The Killing of Two Lovers is a carefully crafted slow-burn character study that uses the familiar topic of a frail relationship as a vehicle to explore hard emotions in a realistic way.
The ending of a cavernous marriage is a scary and horrifying thing that many people go through, and they deal with it in different ways. Some people get frustrated or worried about the future of the relationship, and others try to find ways to fix what is doomed to be unfixable. The case with this slow-burn drama is that the main character has a mind like shattered glass, as the world dissolves before him.

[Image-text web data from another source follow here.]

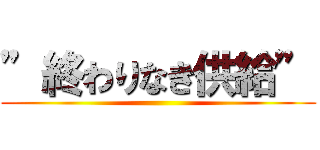 ”終わりなき供給” ()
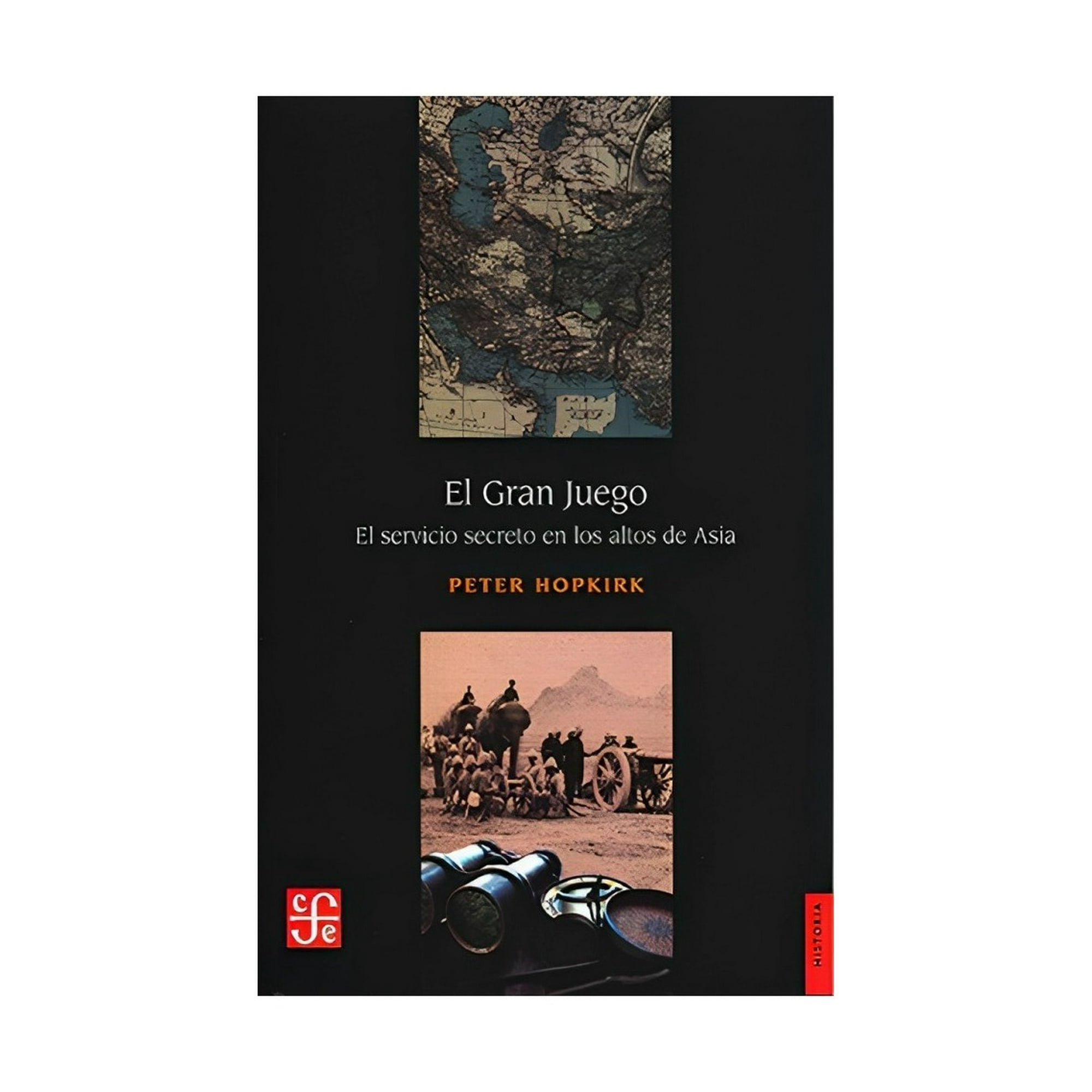 Fce Chile - El Gran Juego. El Servicio Secreto En Los Altos De Asia /054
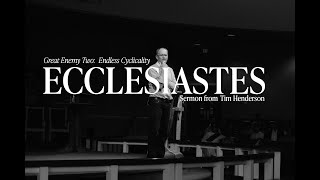 Ecclesiastes  Cyclicality  July 7 2023 [upl. by Aohsoj180]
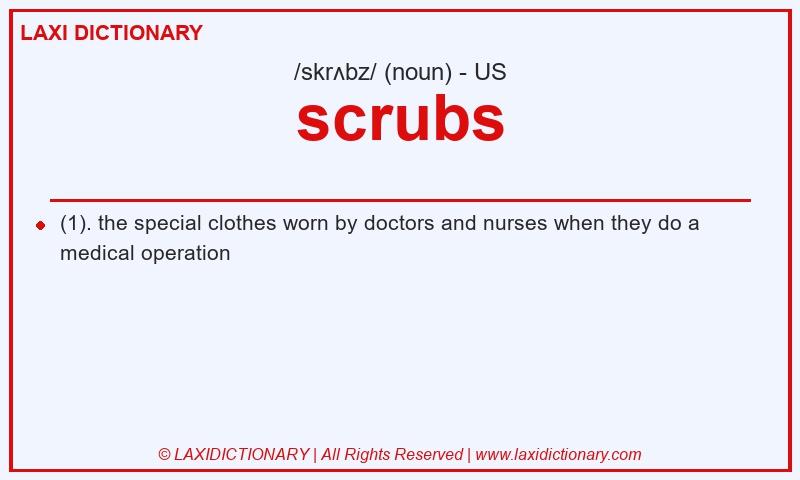 Definition scrubs in American English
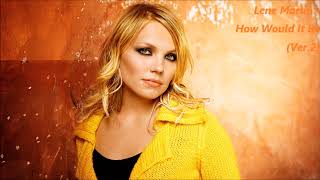 Lene Marlin - How Would it Be (Ver.2)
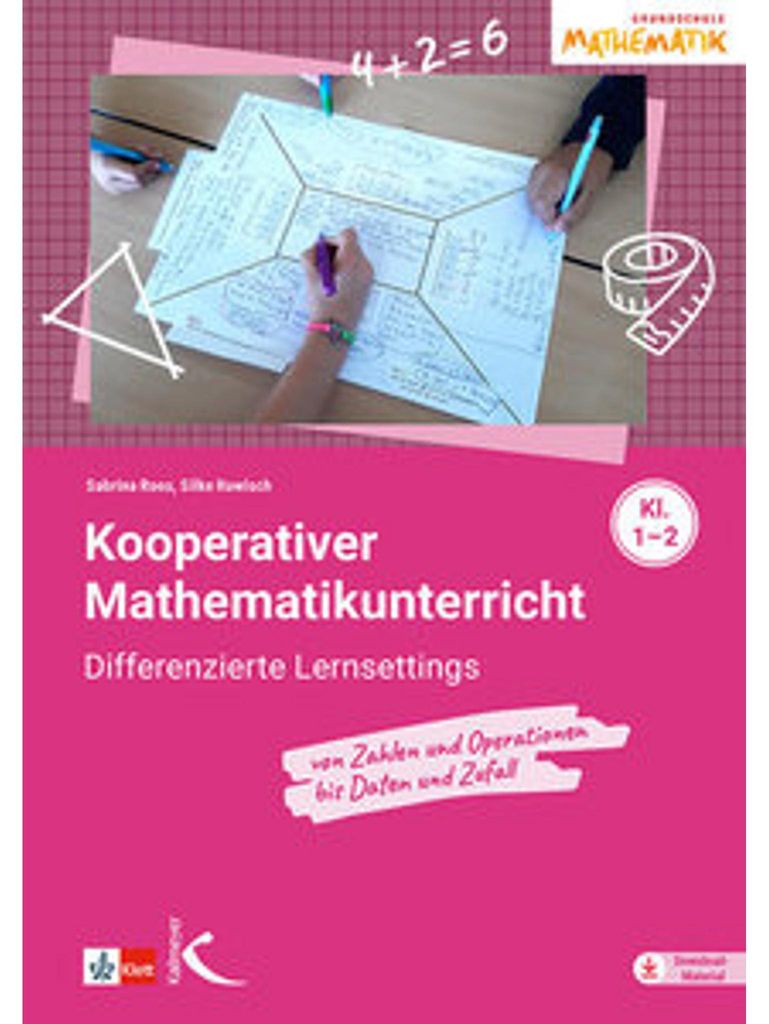 Kooperativer Mathematikunterricht für die Klassen 1-2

A husband and wife, David (Clayne Crawford) and Nikki (Sepideh Moafi), are going through a tough time of transition and want to keep their relationship together. They agree to give each other some space to figure out what they want from life, in and out of the relationship. David, who is hotheaded and petrified of losing his family, goes along with the idea because he feels that it is the only thing that might keep them and their four kids together.
Many films deal with the slow decay of a relationship. The Killing of Two Lovers is not the best film to touch on that topic, but what makes it interesting is its delivery. Loneliness and frustration are all over the movie as David tries to figure out what comes next following the end of the relationship or what could be the thing that fixes it. Meanwhile, there is an underlying element of dread and self-hate that drains David into an existential and emotional state.

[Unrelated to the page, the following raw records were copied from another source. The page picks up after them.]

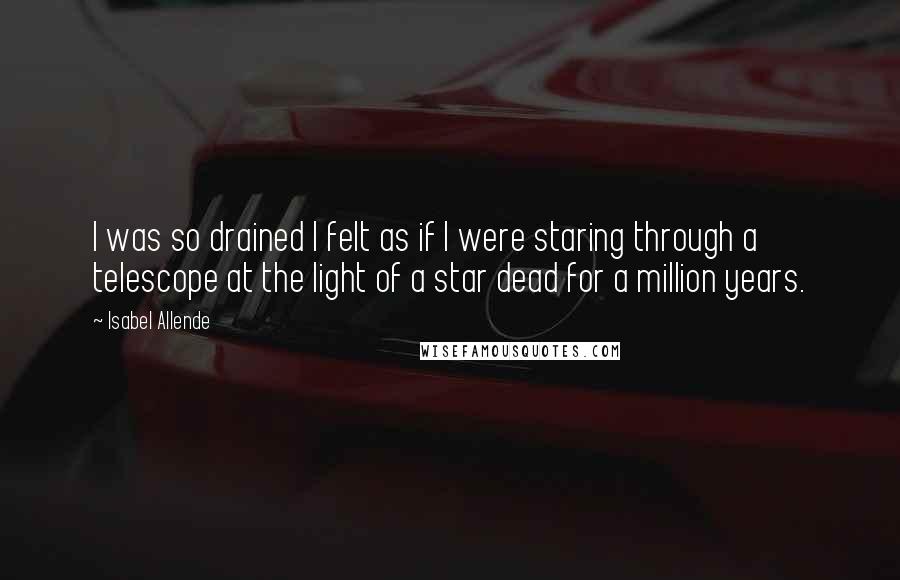 Isabel Allende Quotes: I was so drained I felt as if I were staring through a telescope at the light of a star dead for a million years.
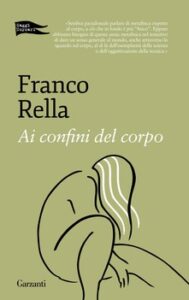 Franco Rella – Ai confini del corpo (2017)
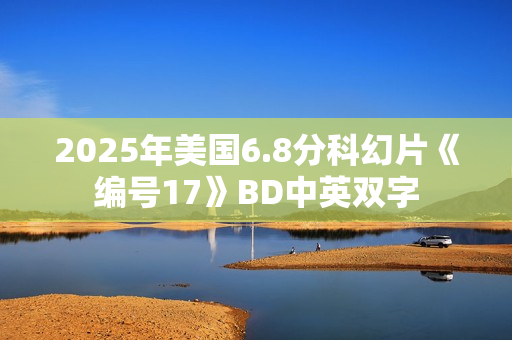 2025年美国6.8分科幻片《编号17》BD中英双字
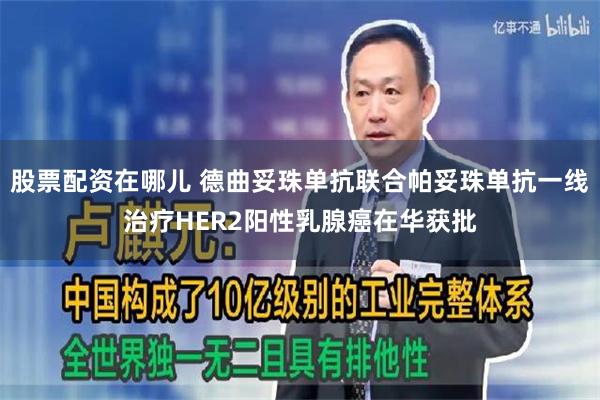 股票配资在哪儿 德曲妥珠单抗联合帕妥珠单抗一线治疗HER2阳性乳腺癌在华获批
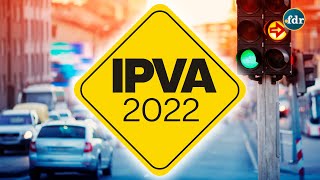 IPVA 2022 Calendário Pagamento Valor Consulta Descontos e Isenção [upl. by Rhiana]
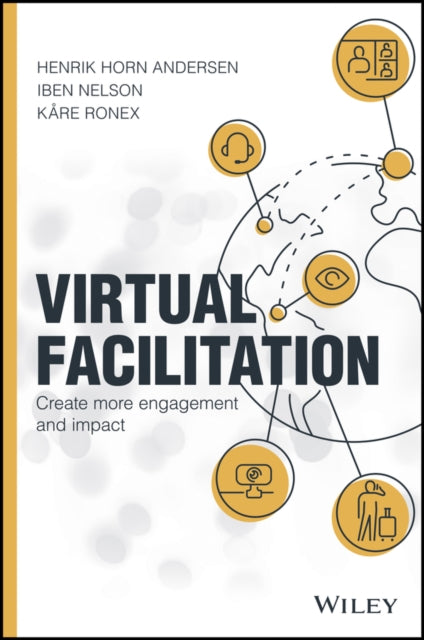 VIRTUAL FACILITATION: CREATE MORE ENGAGEMENT AND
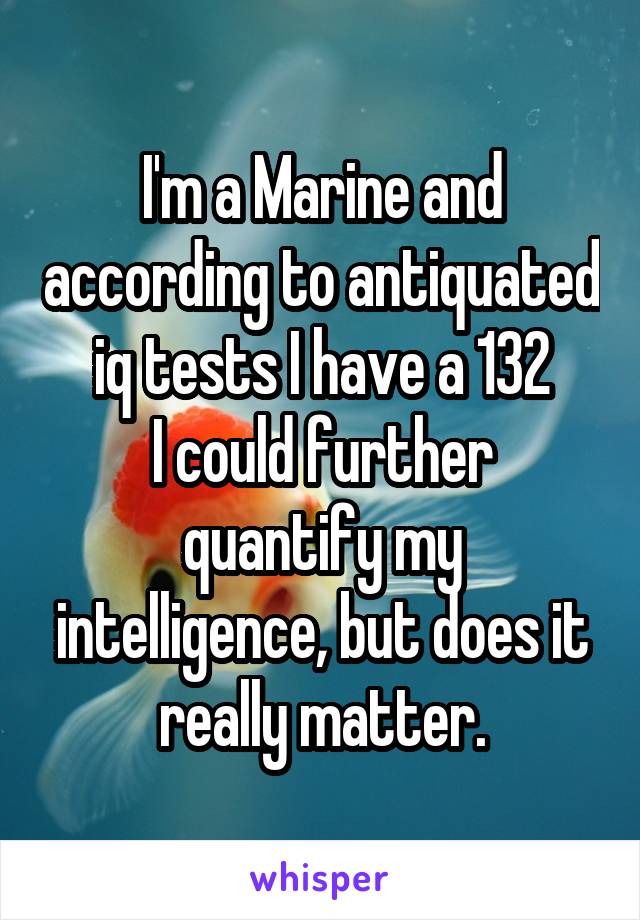 I'm a Marine and according to antiquated iq tests I have a 132
I could further quantify my intelligence, but does it really matter.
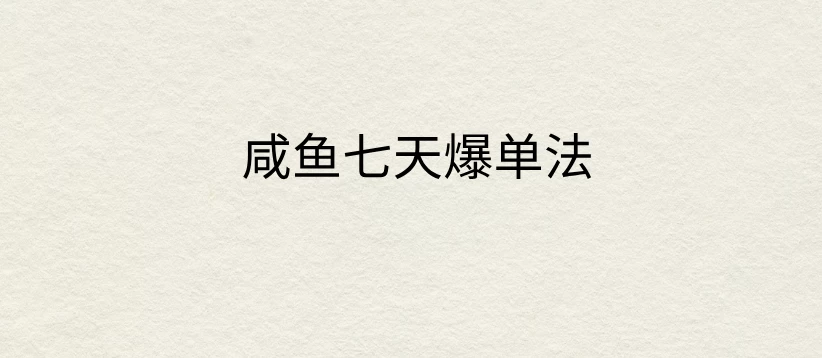 咸鱼七天爆单法，价值398元，学会了，适用所有的行业 - 阿泽资源网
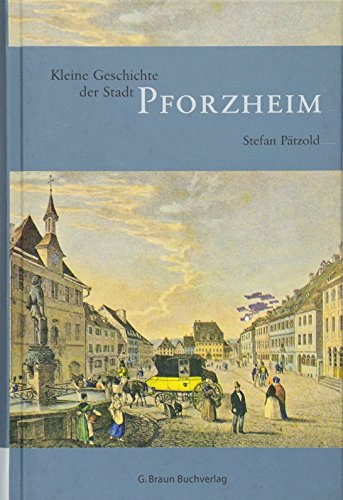 Beispielbild fr Kleine Geschichte der Stadt Pforzheim zum Verkauf von medimops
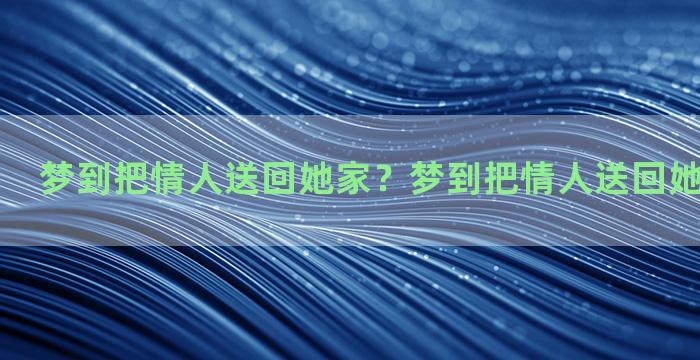 梦到把情人送回她家？梦到把情人送回她家什么意思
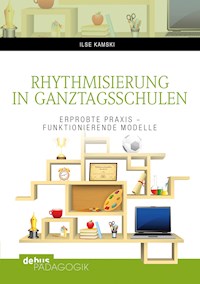 Rhythmisierung in Ganztagsschulen - Ilse Kamski - E-Book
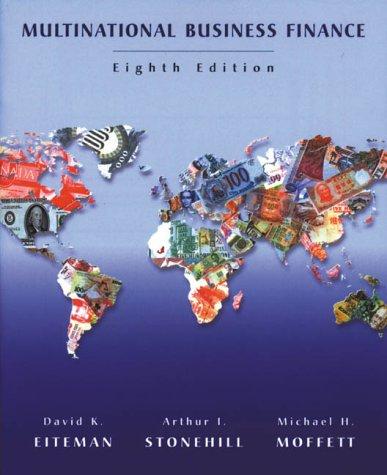 multinational business finance 8th edition david k. eiteman, arthur i. stonehill, michael h. moffett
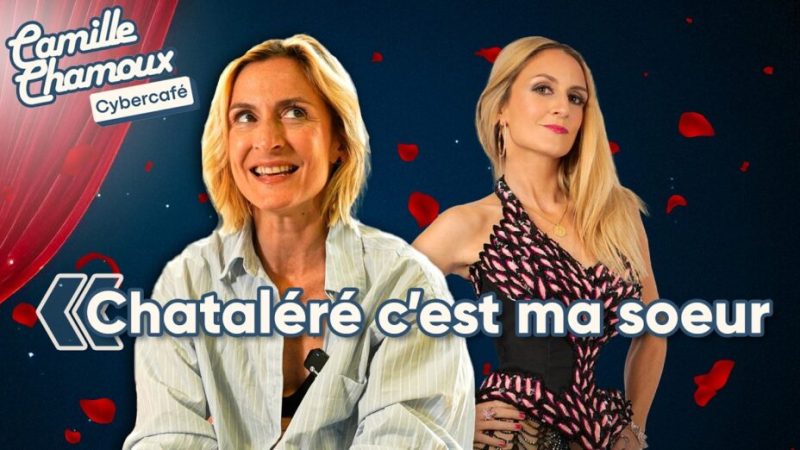 CAMILLE CHAMOUX déclare SA FLAMME pour CHATALÉRÉ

When that sense of dread hits David, the sound design comes into play; it is an essential aspect of the film. His inner thoughts and consciousness are defined by the sounds you hear throughout the film, mirroring what goes on in David’s head, sounding like the aching pressure of bending a piece of rusty metal and the hard closing of a car door while the wind brushes across his fragile psyche.
The characters feel real. The incidents that happen to them have been around forever; the loss of love, the need for space to figure things out, and the frustration it brings towards the partner who wants things to get better quickly occurs all the time. These characters feel so grounded and convincing due to the sharp writing by Machoian and the great performances by the leads, especially Clayne Crawford as David.

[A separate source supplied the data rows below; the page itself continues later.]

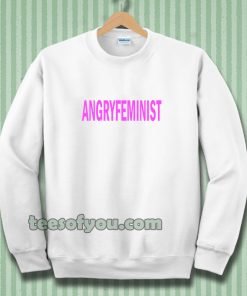 Angry Feminist Sweatshirt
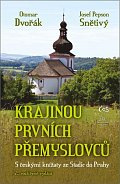 Krajinou prvních Přemyslovců - S českými knížaty ze Stadic do Prahy, 2.  vydání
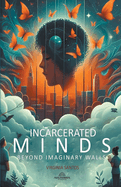 Incarcerated Minds - Beyond Imaginary Walls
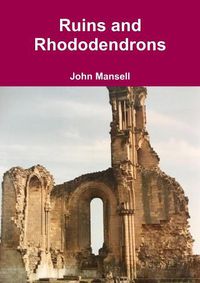 Cover image for Ruins and Rhododendrons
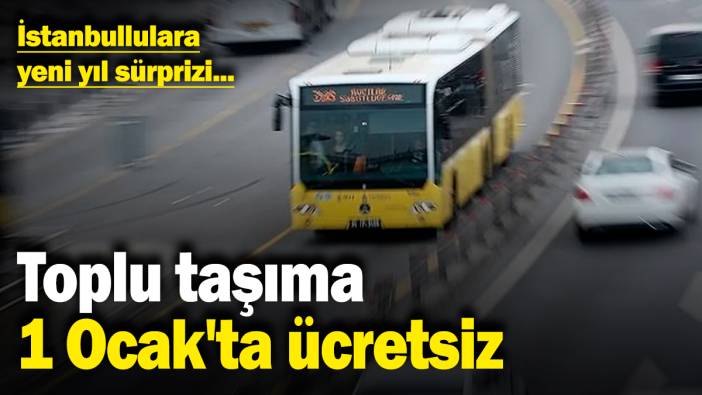 Toplu taşıma 1 Ocak'ta ücretsiz! İstanbullulara yeni yıl sürprizi...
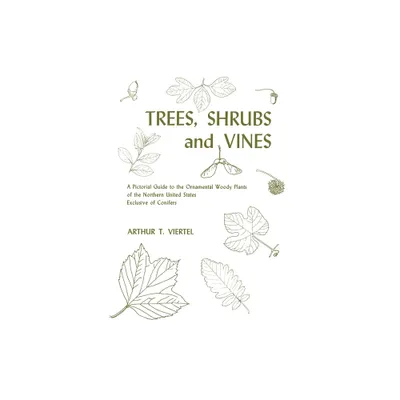 Trees, Shrubs, and Vines - by Arthur T Viertel (Paperback)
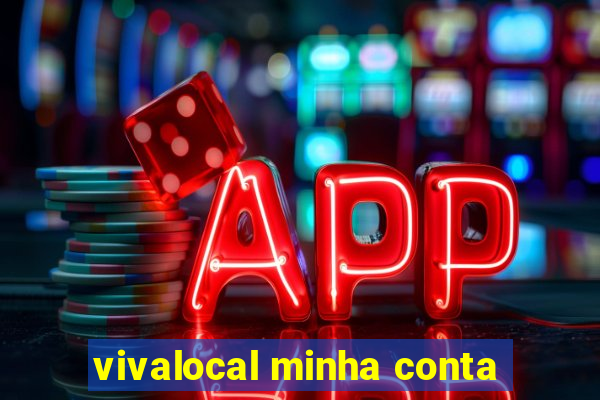 vivalocal minha conta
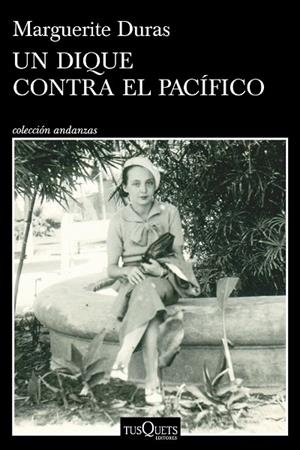 Un dique contra el Pacífico | 9788411077743 | Duras, Marguerite | Librería Castillón - Comprar libros online Aragón, Barbastro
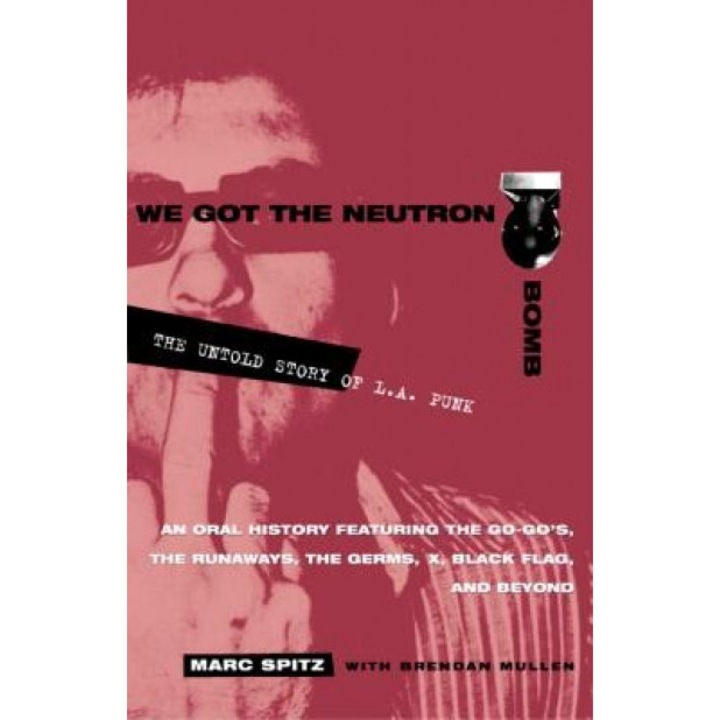 We Got the Neutron Bomb: The Untold Story of L.A. Punk, Brendan Mullen, Marc Spitz, Brenden Mullen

With only an eighty-four-minute runtime, Robert Machoian creates a pulsing character study of a man trying to get his family back together like it once was. This intimate yet haunting story may seem a bit familiar, but it has some tricks up its sleeve that keeps you engaged throughout its entirety. With intelligent use of exceptionally long takes, careful framing, gripping sound design, tremendous performances, and an alluring title that keeps you guessing, The Killing of Two Lovers explores the tough emotions of a decaying relationship realistically and compellingly.
In cinemas from 16 September (Sydney, Melbourne and ACT will release once restrictions ease) and streaming services (Fetch, Foxtel Store, Google Play, Telstra, TV Box Office, and YouTube) on 3 November.
Director Robert Machoian was nominated for the NEXT Innovator Award at the 2020 Sundance Film Festival.